═══ DATASET ENTRIES ═══
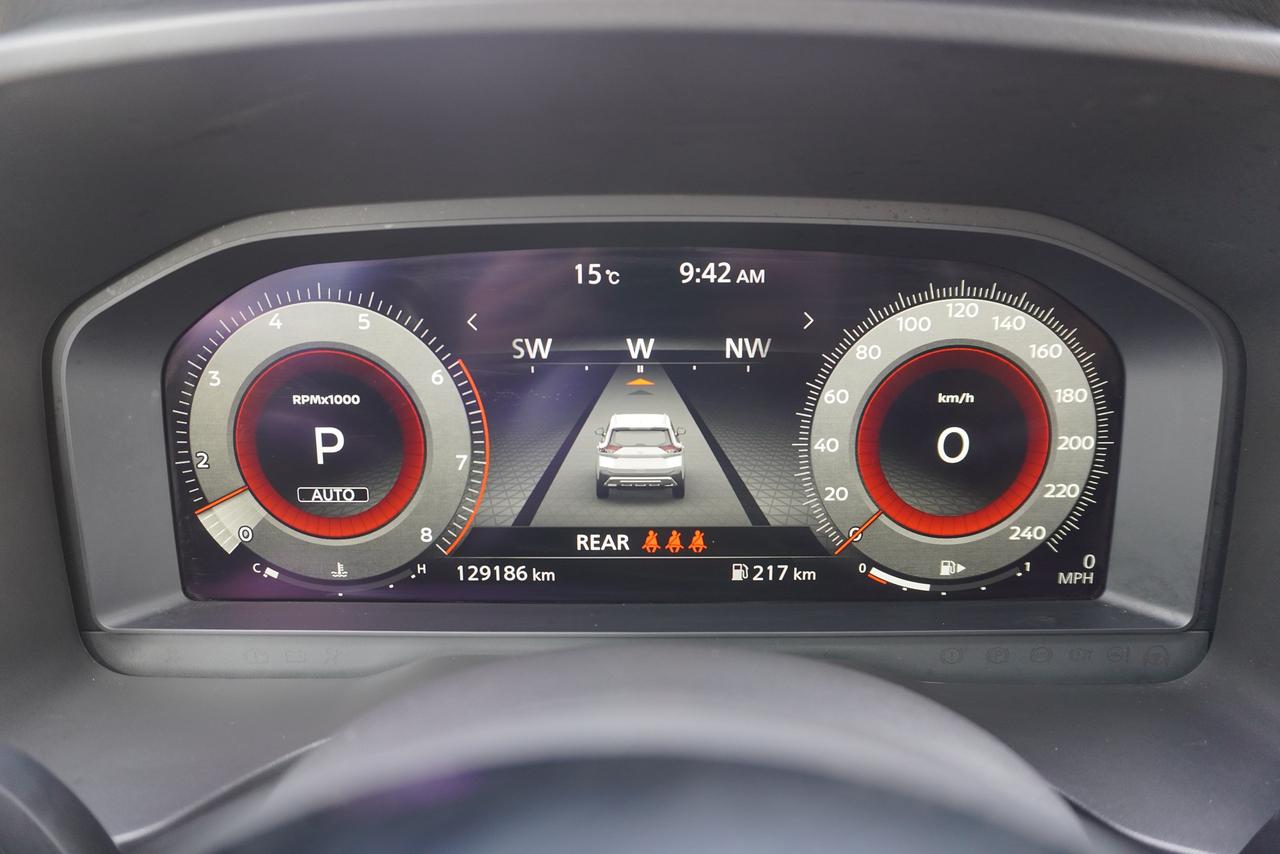 2021 Nissan Rogue PLATINUM RESERVE / 1 OWNER / NO ACCIDENTS / HUD Photo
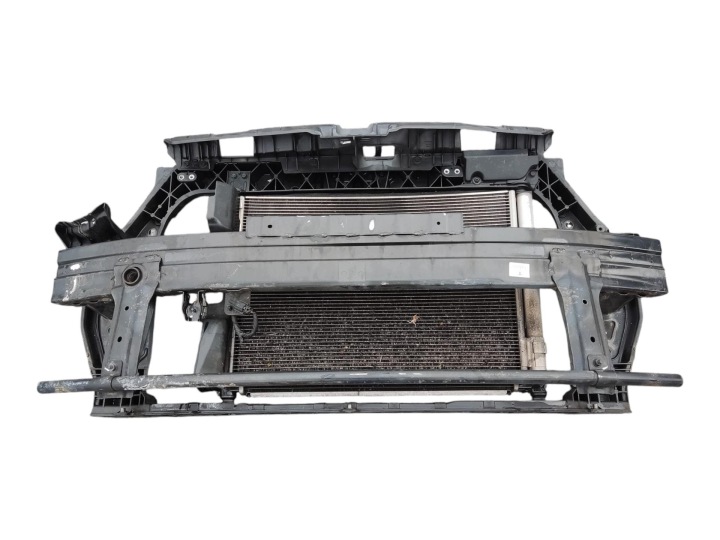 stěna chladičů KOMPLET chladiče ventilátor KIA RIO III 1.2 Benzín 2011-2014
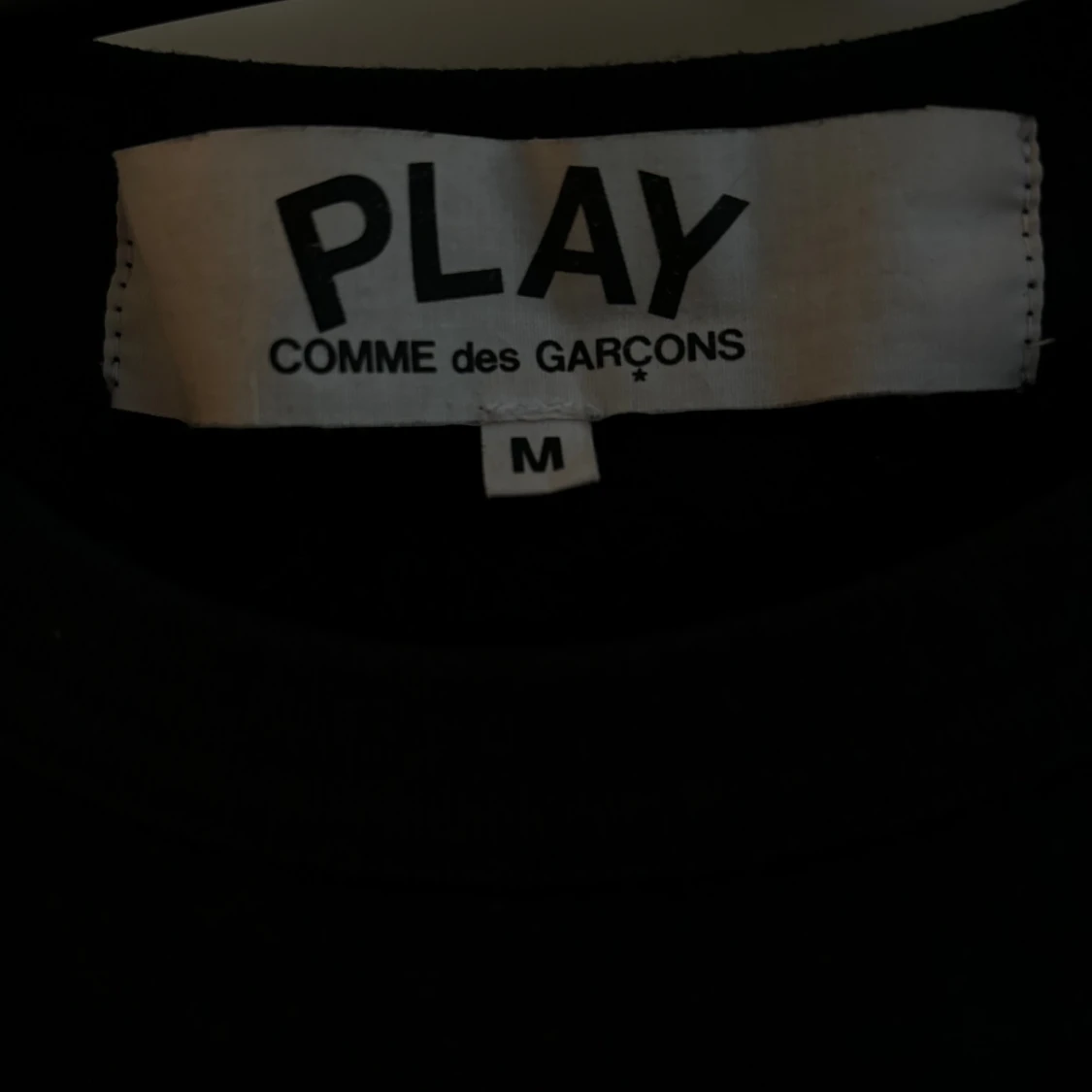 Comme des garçons tröja - 91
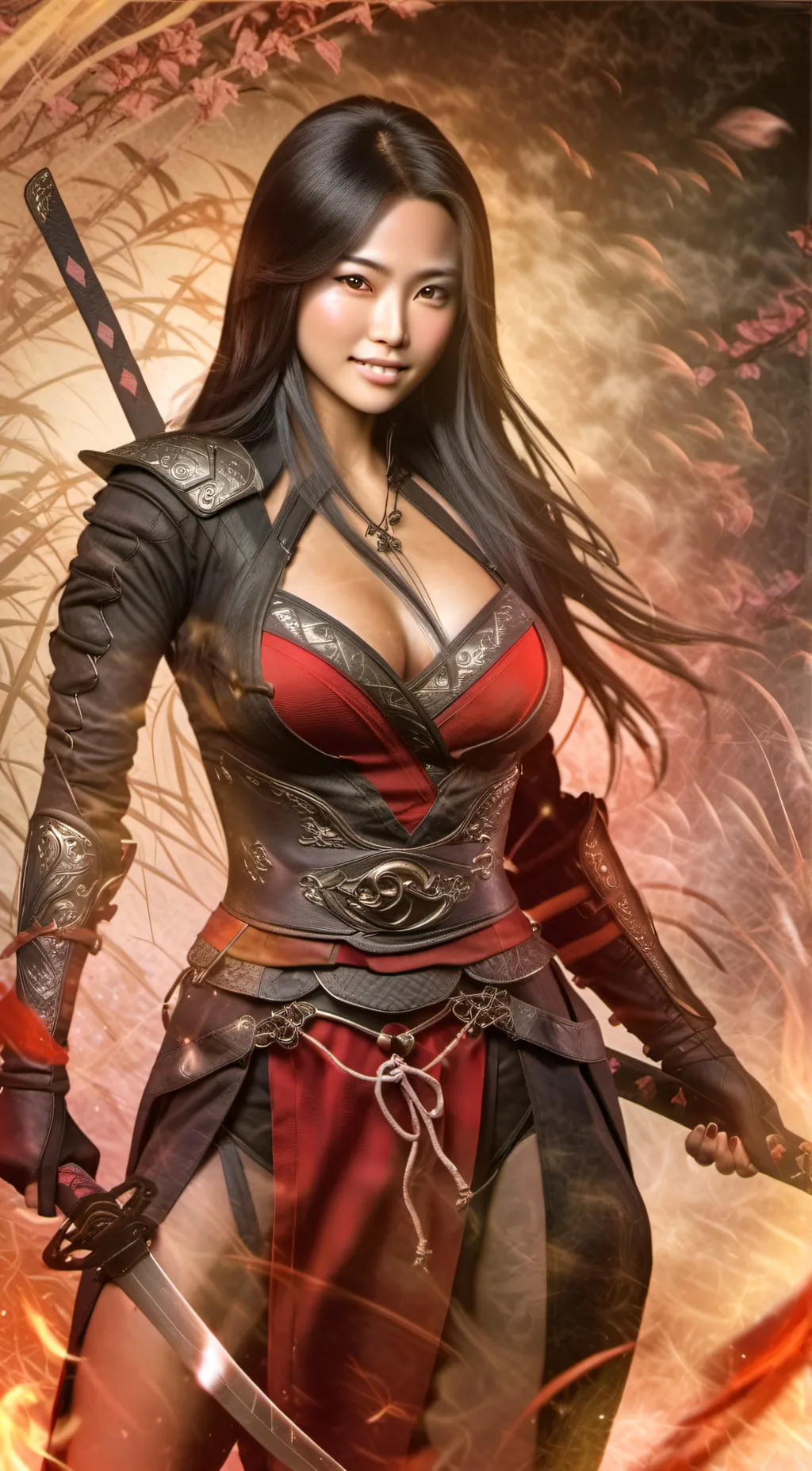 ai character: Jinx background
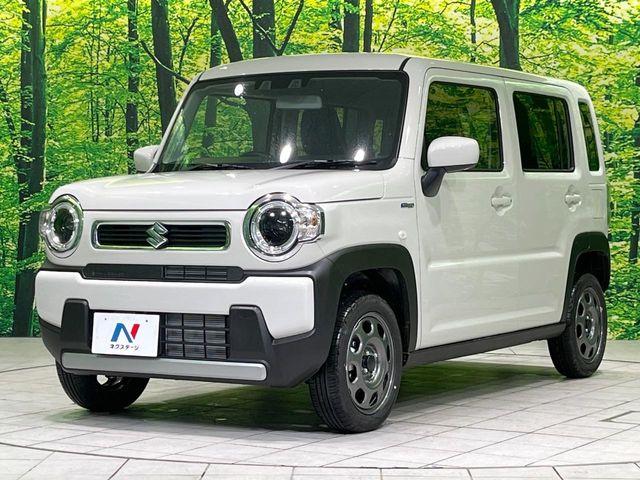 ハスラー（新潟県長岡市）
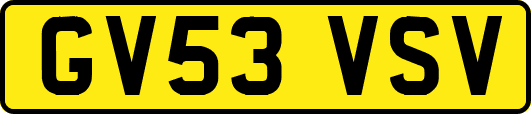 GV53VSV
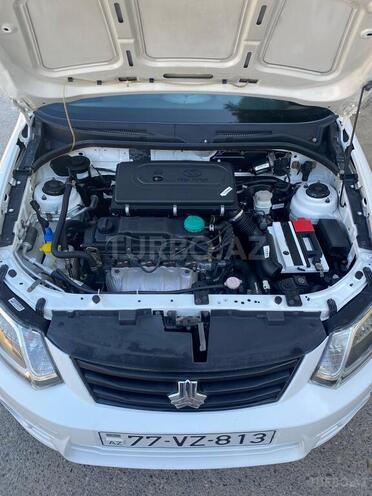 Saipa Saina 2021, 77,000 km - 1.5 l - Bakı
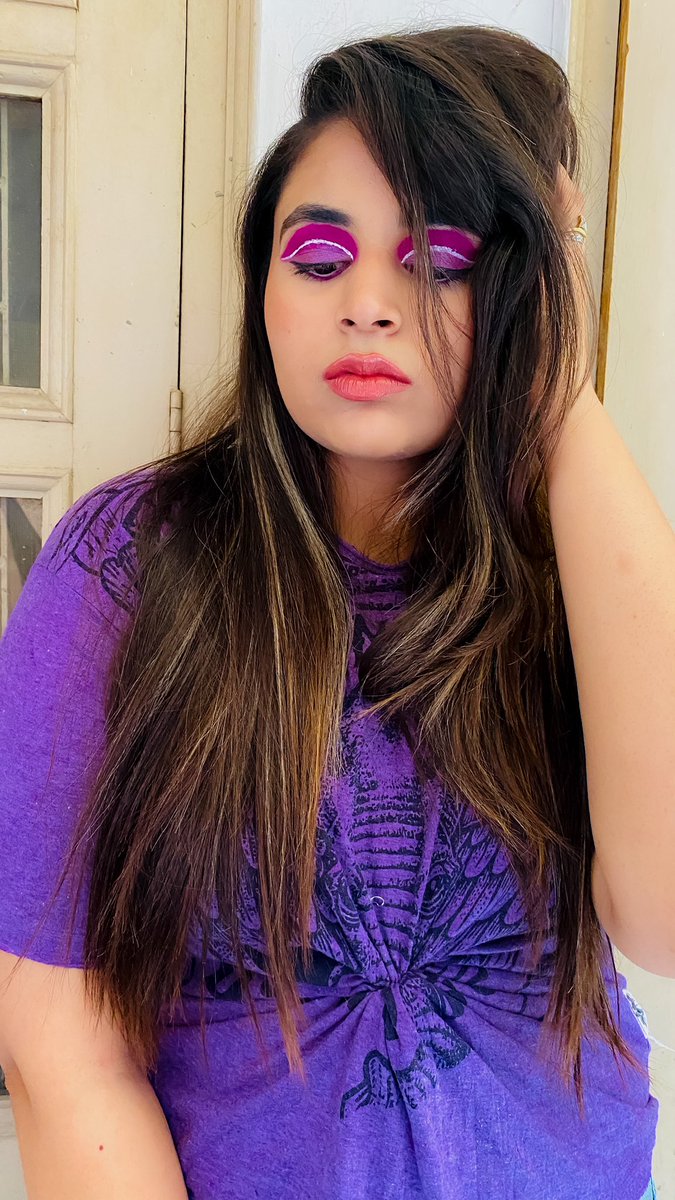 Day 4💜
Purple crush
.
.
.
.

#purplemakeup #makeup #makeupartist #purple #mua #makeupideas #purpleeyeshadow  #makeupoftheday #makeuptutorial #makeuplover #makeuplooks #anastasiabeverlyhills #pinkmakeup #cutcrease #makeuplook #makeupaddict #eyeshadow #morphe #FindYourPurple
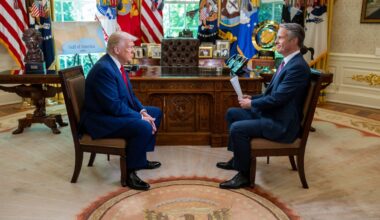 Kritik an Donald Trump – ABC-Journalist Terry Moran suspendiert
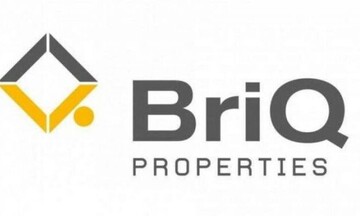 Στα 5,83 εκατ. ευρώ τα καθαρά κέρδη της BriQ Properties το 2019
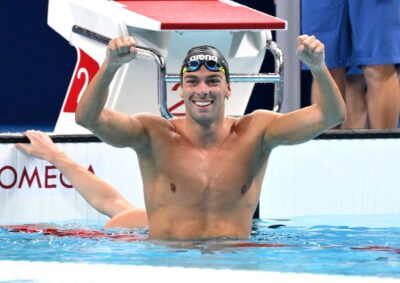 Paltrinieri mondiali nuoto 2025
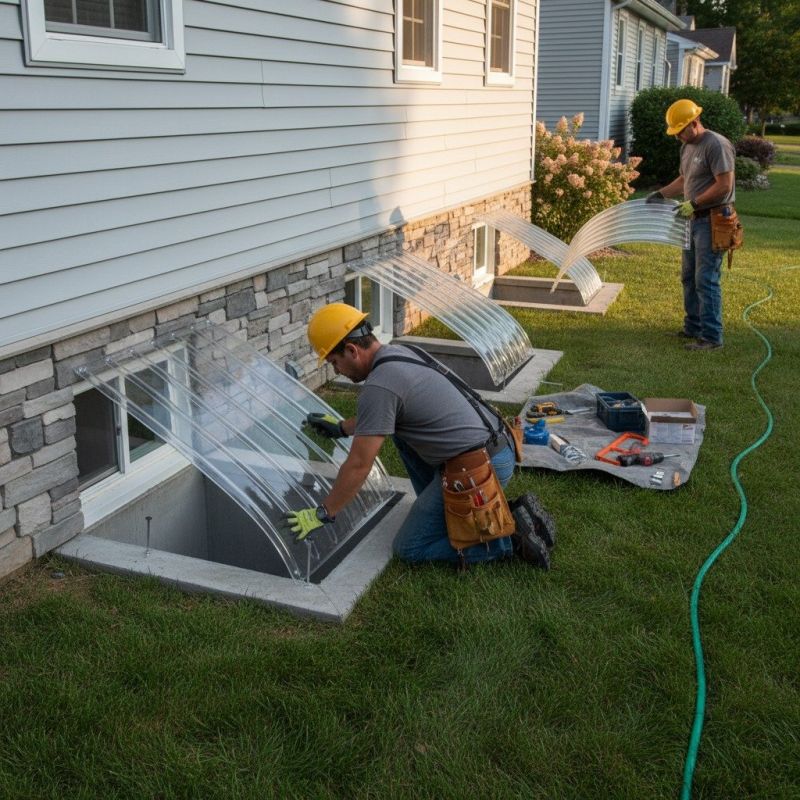 Window Well Service in Denver, CO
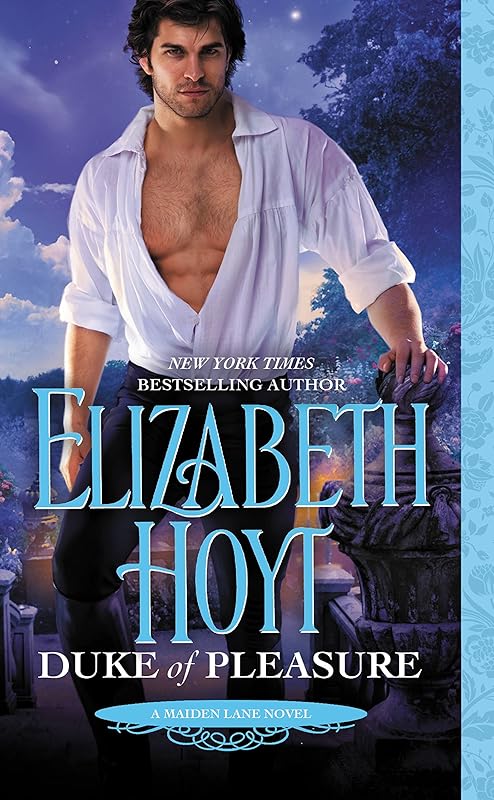 Duke of Pleasure (Maiden Lane Book 11) by Elizabeth Hoyt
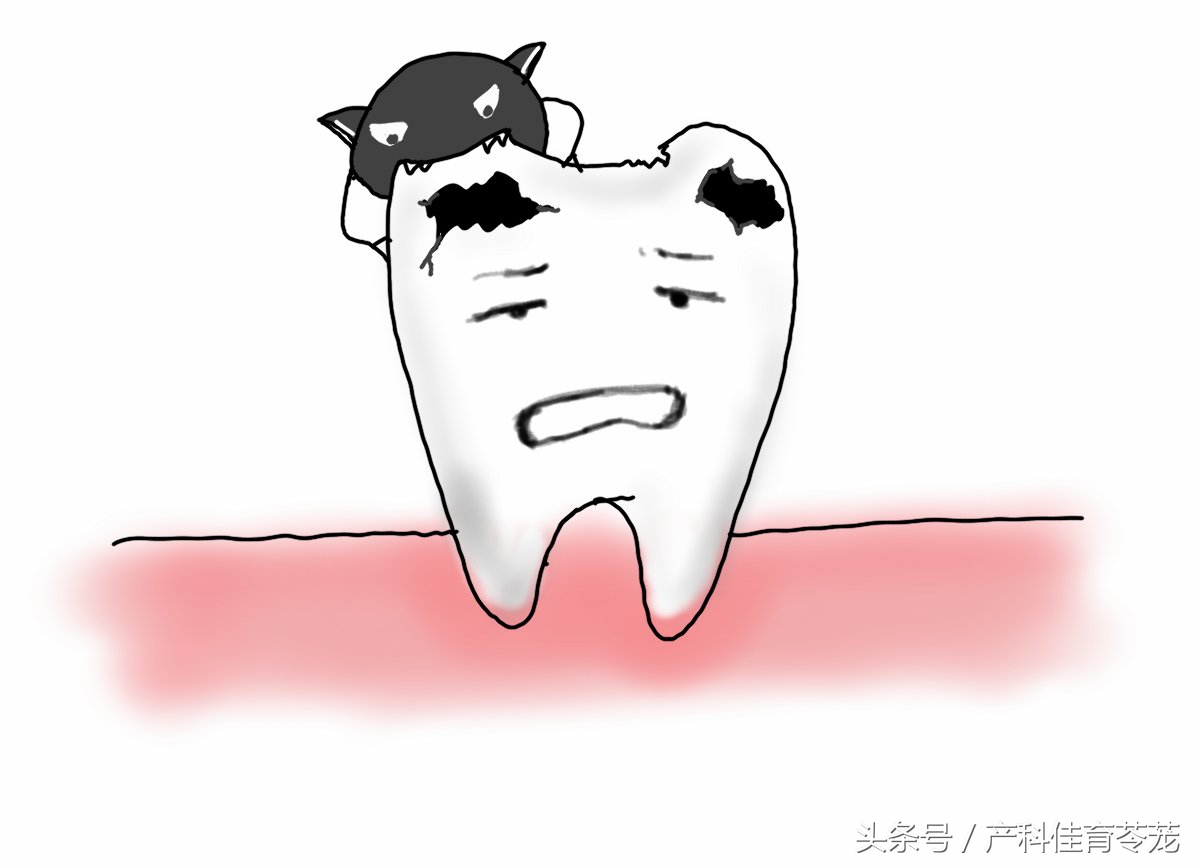 孕期检查口腔,孕期检查你到第几关了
═══
### EXERCISE DETAILS
Your answer must be the full listing, word for word, minus any images.

### SOLUTION
 2021 Nissan Rogue PLATINUM RESERVE / 1 OWNER / NO ACCIDENTS / HUD Photo
 stěna chladičů KOMPLET chladiče ventilátor KIA RIO III 1.2 Benzín 2011-2014
 Comme des garçons tröja - 91
 ai character: Jinx background
 ハスラー（新潟県長岡市）
 GV53VSV
 Saipa Saina 2021, 77,000 km - 1.5 l - Bakı
 Day 4💜
Purple crush
.
.
.
.

#purplemakeup #makeup #makeupartist #purple #mua #makeupideas #purpleeyeshadow  #makeupoftheday #makeuptutorial #makeuplover #makeuplooks #anastasiabeverlyhills #pinkmakeup #cutcrease #makeuplook #makeupaddict #eyeshadow #morphe #FindYourPurple
 Kritik an Donald Trump – ABC-Journalist Terry Moran suspendiert
 Στα 5,83 εκατ. ευρώ τα καθαρά κέρδη της BriQ Properties το 2019
 Paltrinieri mondiali nuoto 2025
 Window Well Service in Denver, CO
 Duke of Pleasure (Maiden Lane Book 11) by Elizabeth Hoyt
 孕期检查口腔,孕期检查你到第几关了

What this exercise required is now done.